LOCKPORT, LA, USA
SSGT, C CO, 1ST BN, 9TH MAR, ( RCT-1, I MEF FWD), 2D MAR DIV, CAMP LEJEUNE, NC
BALAD, IRAQ 07/15/2008
“He was the glue that kept his squad together,” said a fellow Marine deployed in New Orleans who knew Dupre during his 10-year career and who was in charge of escorting the fallen fighter’s remains in Louisiana. “Gaining intel to provide to his Marines was what got him killed.” He died on July 15, 2008 in Anbar Province while serving in support of Operation Iraqi Freedom.
Dupre grew up in Lockport, raised by his grandmother, Hilda Triche Dupre, who said, “He always loved the Marines.” While a student at Central Lafourche High School, he knew early on that he was headed for a military career. He was an active member of the school’s Junior ROTC and joined up immediately after graduation.
“He was a perfectionist,” said Kenneth Dupre, the Marine’s “parrain,” or godfather. In drill competitions while performing the manual of arms, if there was a potential of a tied score, he would perform the drill routine blindfolded, Kenneth Dupre said.
He knew right away he was going to be infantry.

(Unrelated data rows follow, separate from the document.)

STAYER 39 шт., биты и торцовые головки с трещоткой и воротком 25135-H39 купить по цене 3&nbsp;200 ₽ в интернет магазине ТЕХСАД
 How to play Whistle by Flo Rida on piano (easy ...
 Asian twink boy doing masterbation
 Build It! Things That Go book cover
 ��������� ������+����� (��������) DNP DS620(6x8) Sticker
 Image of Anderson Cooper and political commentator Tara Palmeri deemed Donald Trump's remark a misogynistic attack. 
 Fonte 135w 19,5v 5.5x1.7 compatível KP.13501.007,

Danny’s first assignment was the Marine Corps’ elite silent-drill platoon. He worked his way up through the ranks. He did what he wanted to do, and that’s how he lived his life. He wasn’t afraid of anything and he loved serving his country. He served four overseas deployments in Iraq as well as Afghanistan. This bayou boy raised into a military man and a leader of Marines will be missed by many who remembered him from high-school years at Central Lafourche, where he was a spit-and-polish member of the Junior ROTC’s drill team.
His wife, Crystal, lives in Jacksonville, Fla., with their 3-year-old son, Daniel Dupre. The Marine’s own mother, Joycelyn Dupre, died at the age of 28 when he was very young, which is the reason, his grandmother said, that she raised him.